I recently received email feedback from Andy B. and suggested it be reworked into a blog post. Here it is:
I’ve just read page 438 of 16 Maps of Hell:
. . .it confirms Castaneda’s description of dreaming as a sorcerer’s tool for shaping waking reality. Whatever i am working out here, with this final chapter, I was working on unconsciously thirteen years previously.
To add to the coincidences (or synchronicities) around this, a similar process, albeit on a much smaller scale, seems to have been happening to me over the last few days, also coming together by reading the final chapter of 16 Maps.
Two nights ago, I had a dream in which I was having a verbal fight with my oldest brother (I am the youngest of three boys, I am now 40 and my eldest brother, S., is 45) that turned physical and violent. My brother had succumbed to me in some fashion, I was furious with him and raised a fist ready to punch him in the face with all my strength (my arm trembling). Seeing how he was genuinely frightened, I resisted. The look on his face told me he had (finally?) accepted that, whatever he had done to me, in some sense he deserved the revenge that I was about to inflict on him.

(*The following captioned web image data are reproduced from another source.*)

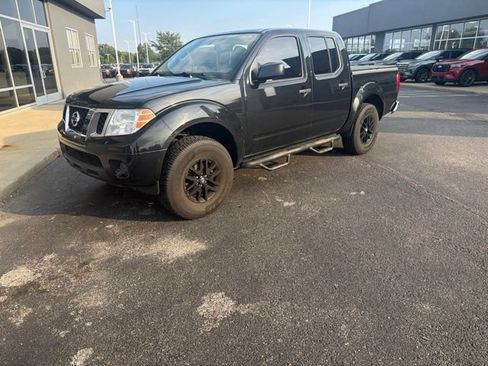 Used 2019 Nissan Frontier SV RWD image 10
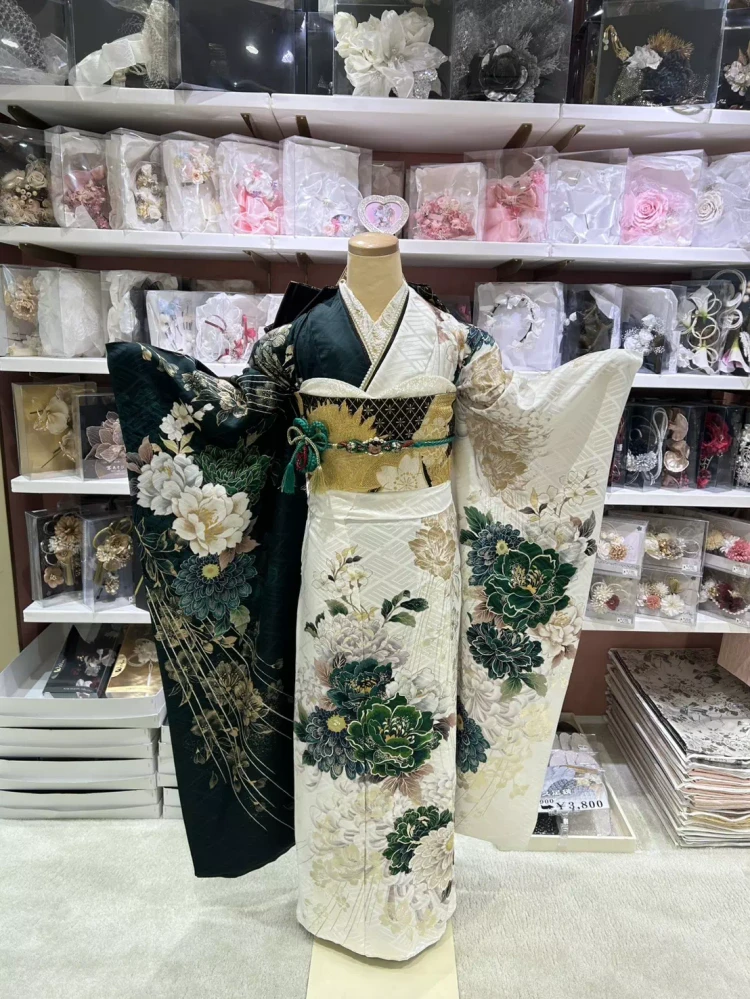 TAKAZEN姫路店の深緑方身替りの正統派振袖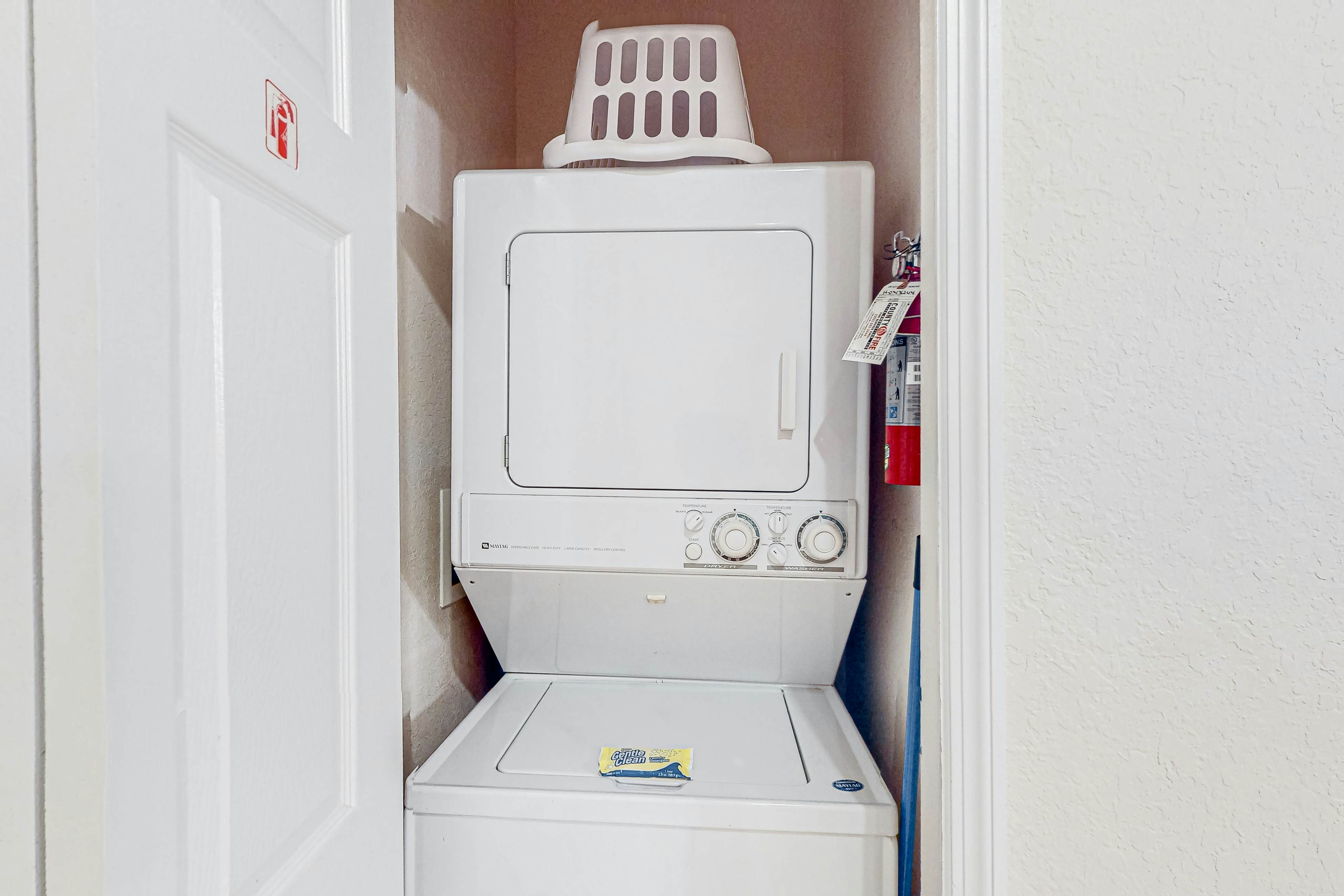 1st-floor condo near theme parks with pools, sauna, gym & on-site dining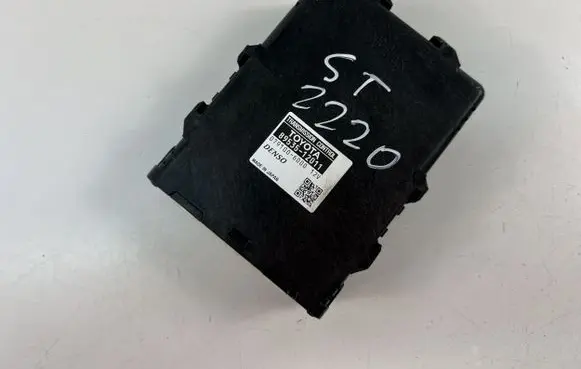 Toyota Auris E180 Other control units/modules 8953512011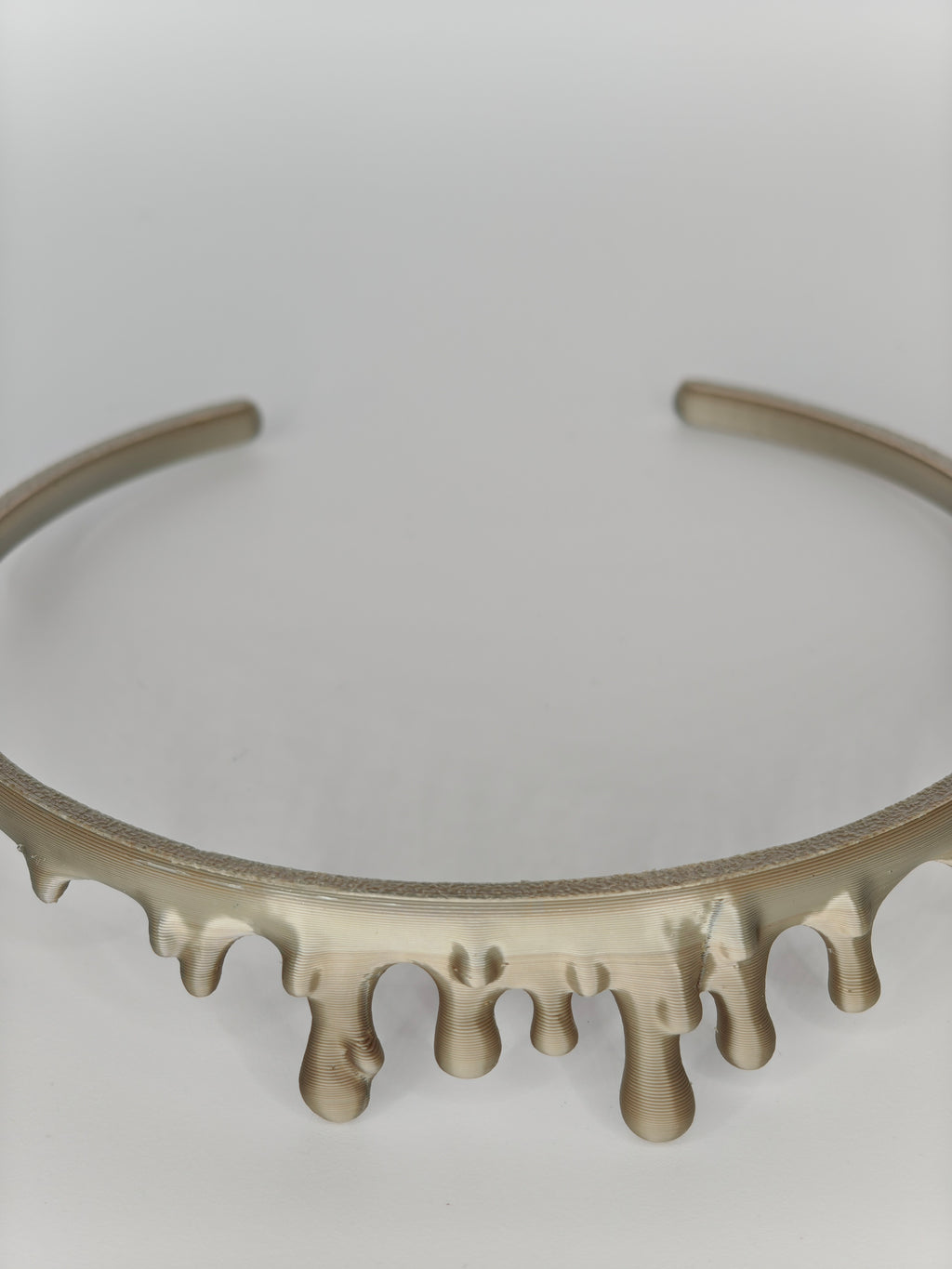 Dripping Necklace Khaki SIlk Recycled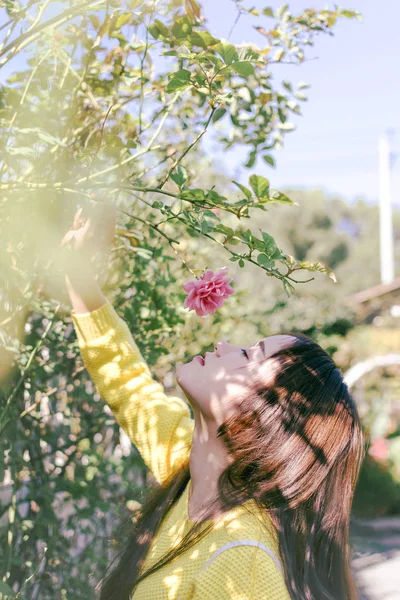 Schöne Junge Frau Posiert Mit Blumen — Stockfoto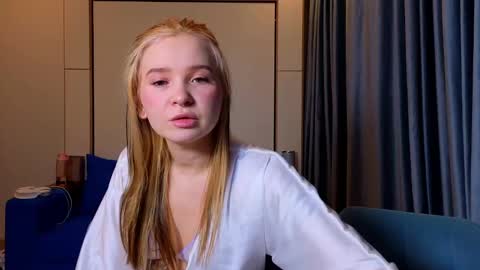 Snapshot of sav_anna chatting on 02/13/25, 05:44 LUNA and ANNA    online show from 02/13/25, 05:44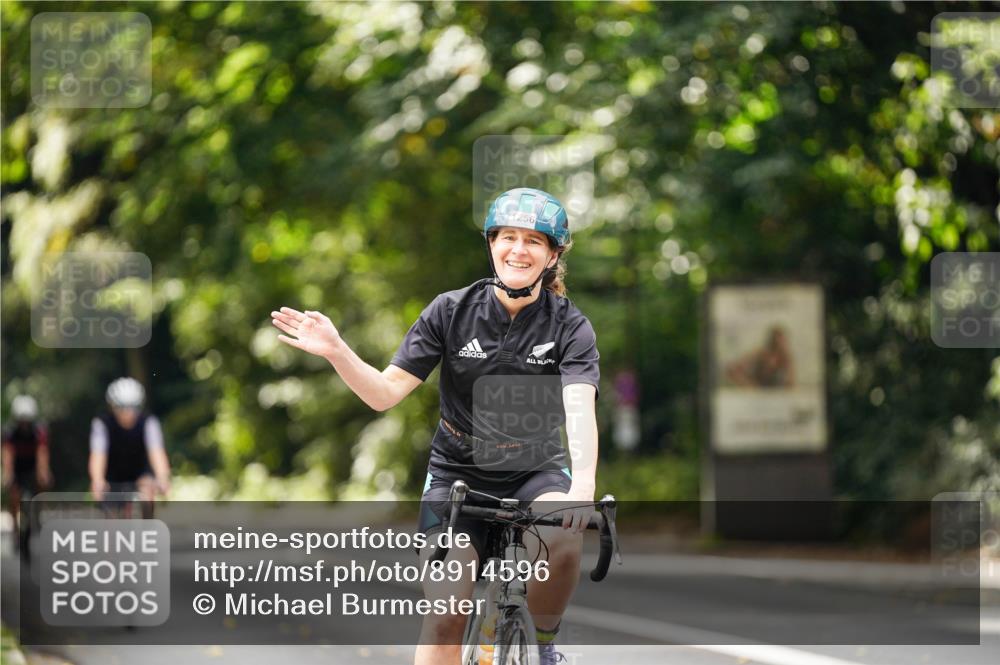 14.09.2025 - Stadtparktriathlon Michael Burmester http://msf.ph/oto/8914596 14.09.2025 12:37:31 Radfahren 1142, 1169, 1256, 1319, 1420 meine-sportfotos.de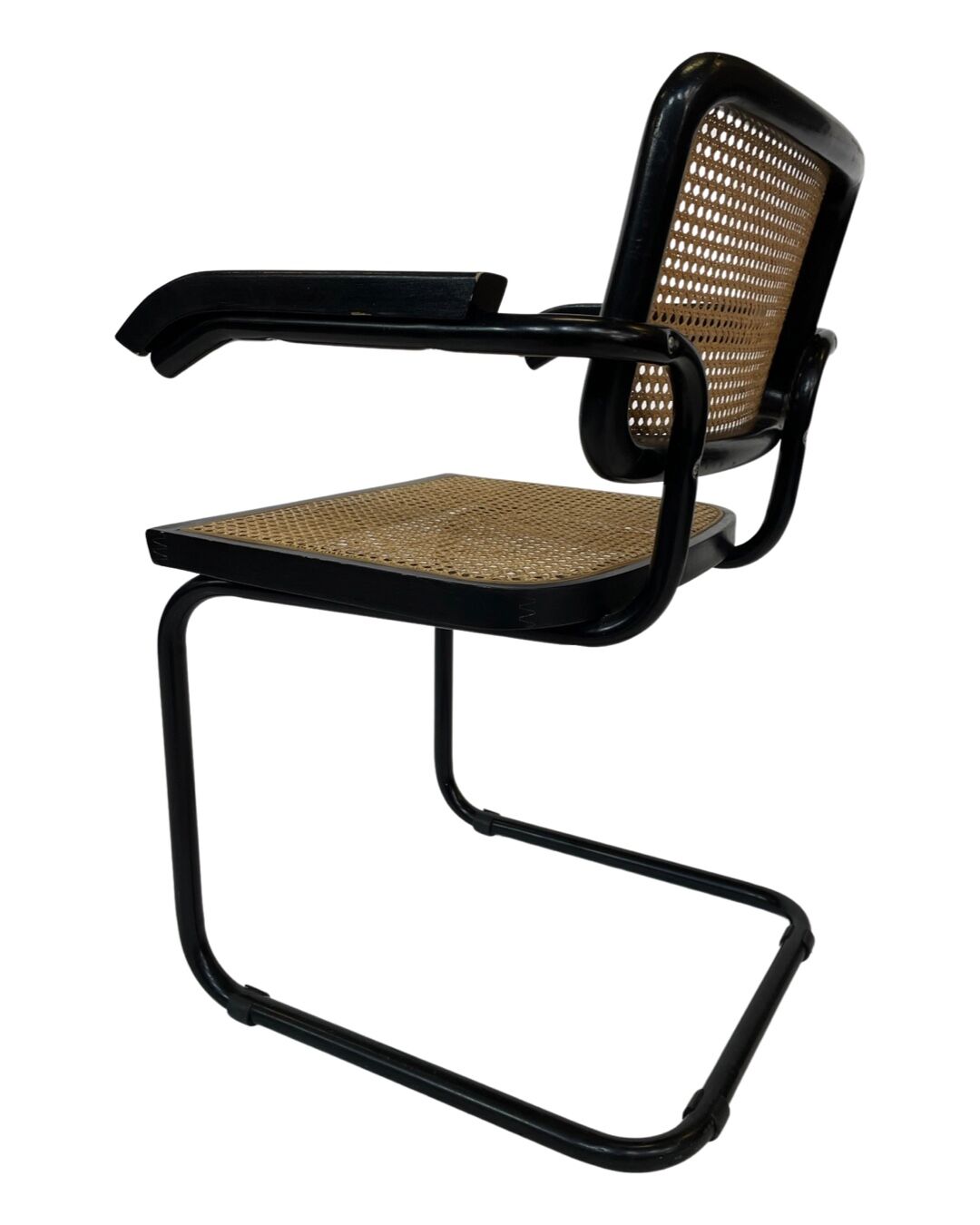 Cesca chair B64 with armrests by Marcel Breuer Design in black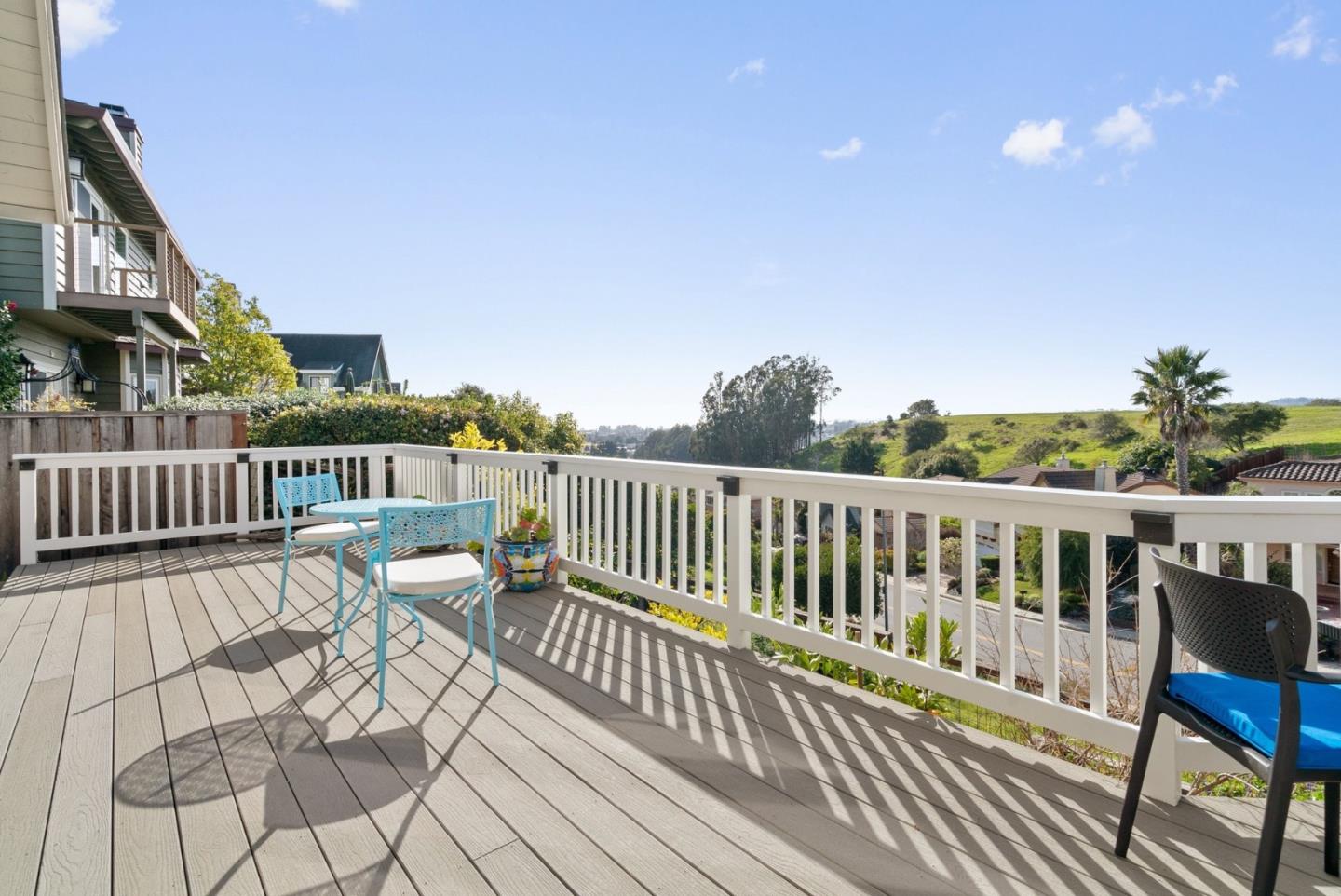 Detail Gallery Image 10 of 45 For 3705 Tiffani Ct, Santa Cruz,  CA 95065 - 3 Beds | 2/1 Baths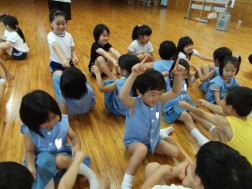 手あそび「一丁目のドラネコ」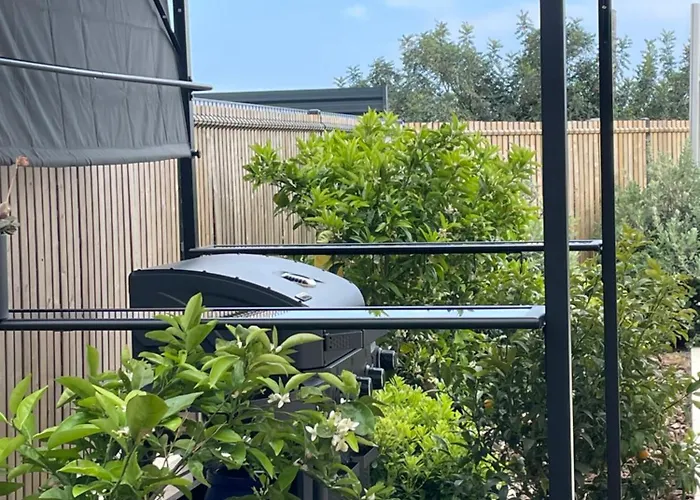 Centenary Goose Villa *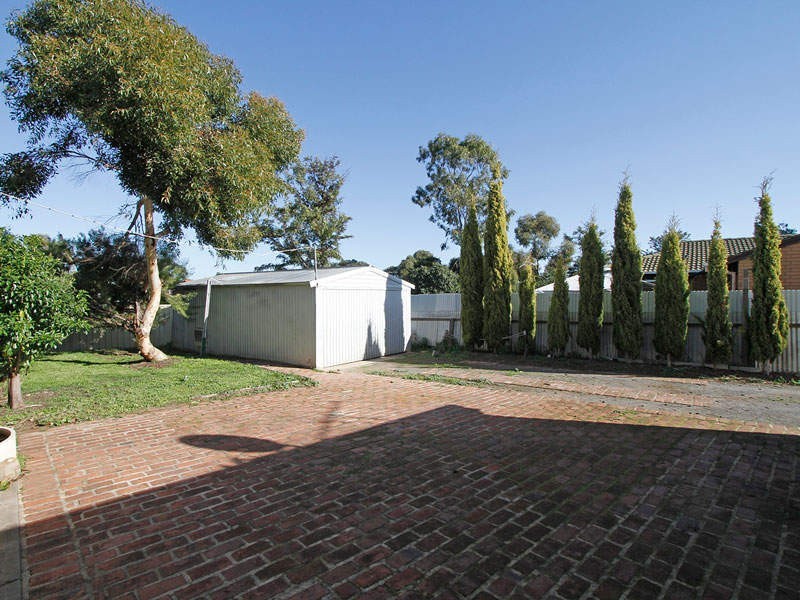 27 Narvik Crescent, Hackham West SA 5163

I rarely remember my dreams, so this immediately stood out. Additionally, I have never had an overtly violent relationship with S. (I did fight quite violently with my other brother, B. when in our middle teens). I’ve gotten on well with S. for a long time, so the dream surprised me. I had a feeling that the dream had “come out of nowhere,” but as we will see, it now makes a lot of sense.
In what is seemingly a very similar manner to yourself with Sebastian, I’ve always looked up to, and sought to imitate my brother S., big time (especially aged approx. 7 through adolescence, but to a large degree through to my early 30s as well; his influence on me has tailed off since then, I think). It’s hard to judge exactly how big an influence he has had on me, but sometimes it seems (pathetically?) huge. I remember being petrified of the Silence of the Lambs and Naked Lunch posters on his bedroom wall when I was around 10 or 11 years old. I wonder if this created some kind of cognitive dissonance (as I think you refer to?) in that, in wanting to imitate him I realised I might have to subject myself to the horror of these films, despite being terrified by the prospect. I remember eventually getting S. to tell me some of the grisly details in Silence of the Lambs and was horrified by what he said. Seeking to self-traumatize as you put it? 16 Maps hypothesizes that Silence may have served a “psyop” function (pg. 414 and 485-6) — is it possible that my young mind was also intuiting that the film was “off” in some way?
Was this a form of unconscious self-initiation and self-training by which I was hoping to “ascend” to the disembodied state of the old seers. . .
The other moment in the book that (probably) had the biggest impact on me was also very near the end, in the last chapter (page 431) specifically your quote from Hang-Dog with a Hard-On.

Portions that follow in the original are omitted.